Right, I'm 28. My name's Chris Downs - I'm 28 and I live with my parents at the moment and probably for the foreseeable future, but I started living with them again three years ago, just before I got ill. I have had a period of ill health related to my CF.

That was at six weeks, so I can't remember, I was a baby. I was diagnosed by chance more than anything. The doctor had seen it before and told my mum to get a sweat test on me and I was diagnosed but before that I was having problems digesting what I was given. I was on breast milk which has a high fat content and that was just going straight through my digestive system and that was leaving me as a baby crying all the time, gradually - well slowly dying basically. I was anaemic. I had had I think a pint of blood transfusion so things weren't looking well until they had diagnosed the CF. It was a bit of a shock to my mum finding out, well not a bit of a shock - a lot of a shock and to my mum and my dad.

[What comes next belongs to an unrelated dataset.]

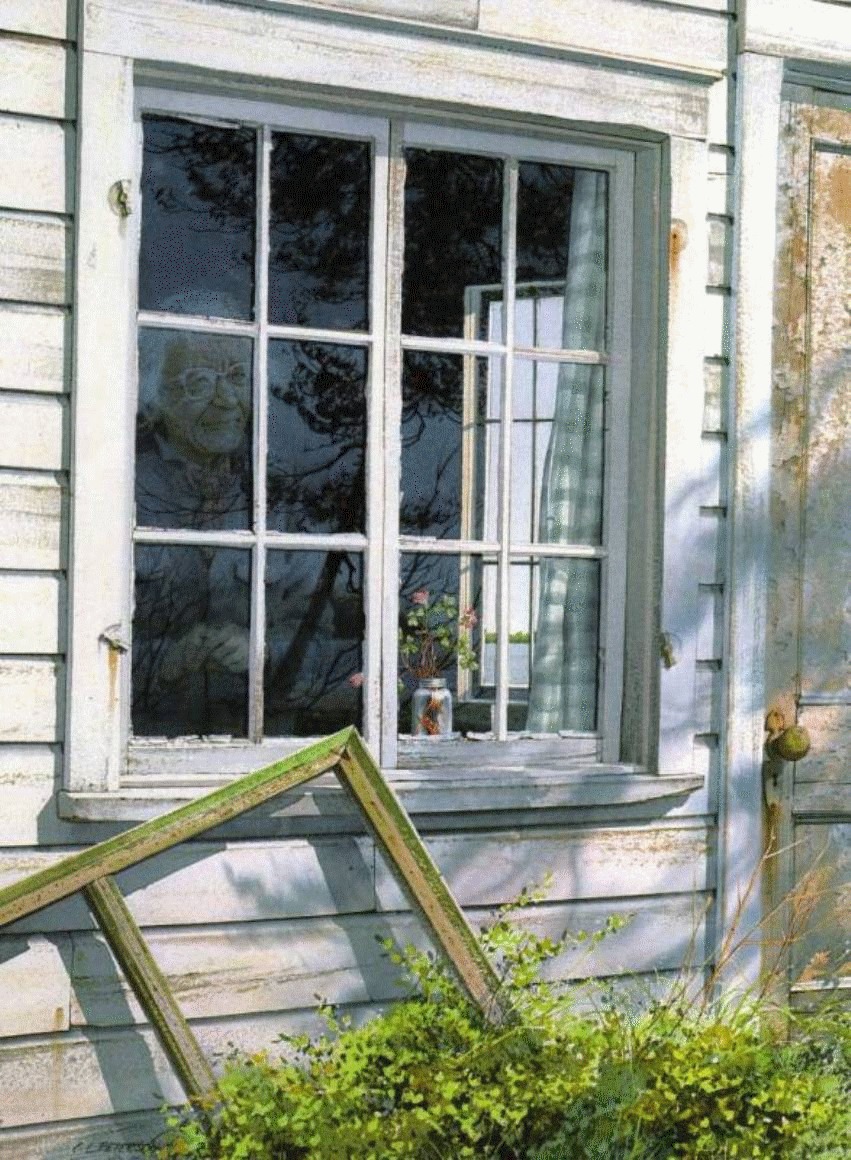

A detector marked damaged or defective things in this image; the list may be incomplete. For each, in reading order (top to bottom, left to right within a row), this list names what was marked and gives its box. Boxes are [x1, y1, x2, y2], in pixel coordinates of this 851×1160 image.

weathered door with peeling paint [774, 97, 851, 1006]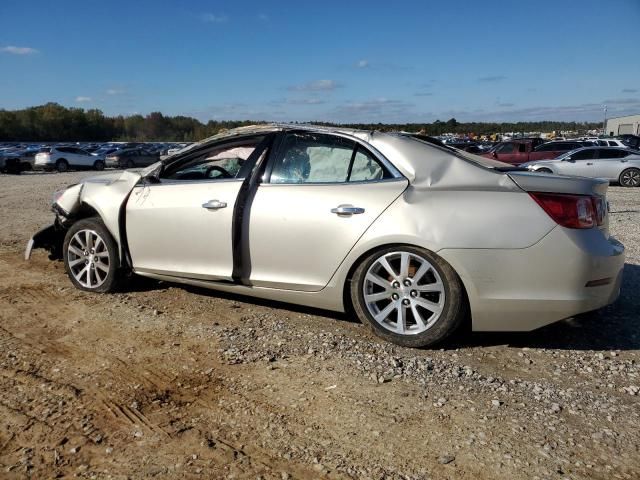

They coped as best they could but that doesn't mean that they were very comfortable about it, and I remember as a child feeling a bit kind of like I was causing trouble, like a burden in a way because they were always like worrying, you could always pick it up when I was a kid that they were worrying about this, that, or me taking my drugs, my medication and when I didn't take it they'd panic a little and I'd pick that up as well because they got cross and I could tell I wasn't the same as other kids or my sister. I have a sister, who doesn't have CF and who lives in York now, and there's problems with her as well because she thought I was getting too much attention - all this attention that I didn't want. I wouldn't say it was a bad childhood, but there was an atmosphere I think, a little bit of an atmosphere and only when I started to realise what I had to contend with and kind of take responsibility for myself that things have improved, I think. But I think it was a lot for my parents to deal with because originally they were told I would live till I was seven, then it was twelve, then it was twenty five, then it was thirty five and now people are talking about fifty, maybe sixty, so... because the improvements of the drugs have meant that the life expectancy gets longer for most people with CF. And CF has various degrees of severity and I have always been classed as mild to moderate but I think it may have changed since then because in the last two years I've had some quite... a bad run of health. I think during my childhood I could do most things anybody else could do, I wasn't that physically impaired but I think maybe I was a bit too wrapped in cotton wool when I was a kid maybe, well, a lot of people were concerned with me and told me how well I was doing, impressed with how well I was and stuff so I could always feel I wasn't allowed near bonfires or in dusty places, things like that which always felt a bit. I wish I could have done more.

I had a physiotherapist come round every week just to reassure me and show me how to do physio and show mum how to do it as well and make sure we were doing it right every week until I was sixteen I think and that was mostly percussion on the chest which was kind of hand claps on the chest. It looks on videos and stuff like it's abuse but it's actually to loosen up the phlegm on the chest and bring it up more effectively. But now I'm taught ... being taught postural drainage and active cycle breathing which means that no hand claps are needed and it just uses gravity and breathing techniques to break it up naturally without hand clapping. Some people do use hand clapping though.

My mum did, yes my mum was my primary carer I would say. She was the one that did the most worrying I think. But my dad took it badly as well. I think he struggled a little bit with her as well but he was more distant, so my dad and my sister were more on the outskirts of it and my mum was more involved. I think both my dad and my sister felt a little bit left out because my mum was kind of taking over.